━━ MATERIALS PROVIDED ━━

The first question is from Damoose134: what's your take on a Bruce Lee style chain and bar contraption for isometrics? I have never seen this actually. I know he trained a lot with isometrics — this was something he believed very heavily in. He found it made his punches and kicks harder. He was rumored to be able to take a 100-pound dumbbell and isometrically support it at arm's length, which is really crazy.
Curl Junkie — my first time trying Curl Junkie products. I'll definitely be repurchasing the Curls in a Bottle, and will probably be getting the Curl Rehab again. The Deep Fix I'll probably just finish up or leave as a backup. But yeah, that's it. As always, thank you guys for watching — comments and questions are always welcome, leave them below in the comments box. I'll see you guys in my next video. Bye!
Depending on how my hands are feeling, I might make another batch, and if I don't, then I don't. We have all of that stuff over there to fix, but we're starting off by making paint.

━━━
━━ MATERIALS PROVIDED ━━

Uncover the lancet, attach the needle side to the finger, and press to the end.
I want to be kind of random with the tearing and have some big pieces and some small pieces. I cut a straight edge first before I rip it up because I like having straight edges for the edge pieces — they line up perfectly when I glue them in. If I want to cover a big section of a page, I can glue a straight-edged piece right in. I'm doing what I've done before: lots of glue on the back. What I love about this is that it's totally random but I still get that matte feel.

━━━

> _TASK ITEM_
Return exactly, and only, the lines above starting at the line that contains "The first question" and ending at the line that contains "Depending on how".

> _ANSWER SPACE_
The first question is from Damoose134: what's your take on a Bruce Lee style chain and bar contraption for isometrics? I have never seen this actually. I know he trained a lot with isometrics — this was something he believed very heavily in. He found it made his punches and kicks harder. He was rumored to be able to take a 100-pound dumbbell and isometrically support it at arm's length, which is really crazy.
Curl Junkie — my first time trying Curl Junkie products. I'll definitely be repurchasing the Curls in a Bottle, and will probably be getting the Curl Rehab again. The Deep Fix I'll probably just finish up or leave as a backup. But yeah, that's it. As always, thank you guys for watching — comments and questions are always welcome, leave them below in the comments box. I'll see you guys in my next video. Bye!
Depending on how my hands are feeling, I might make another batch, and if I don't, then I don't. We have all of that stuff over there to fix, but we're starting off by making paint.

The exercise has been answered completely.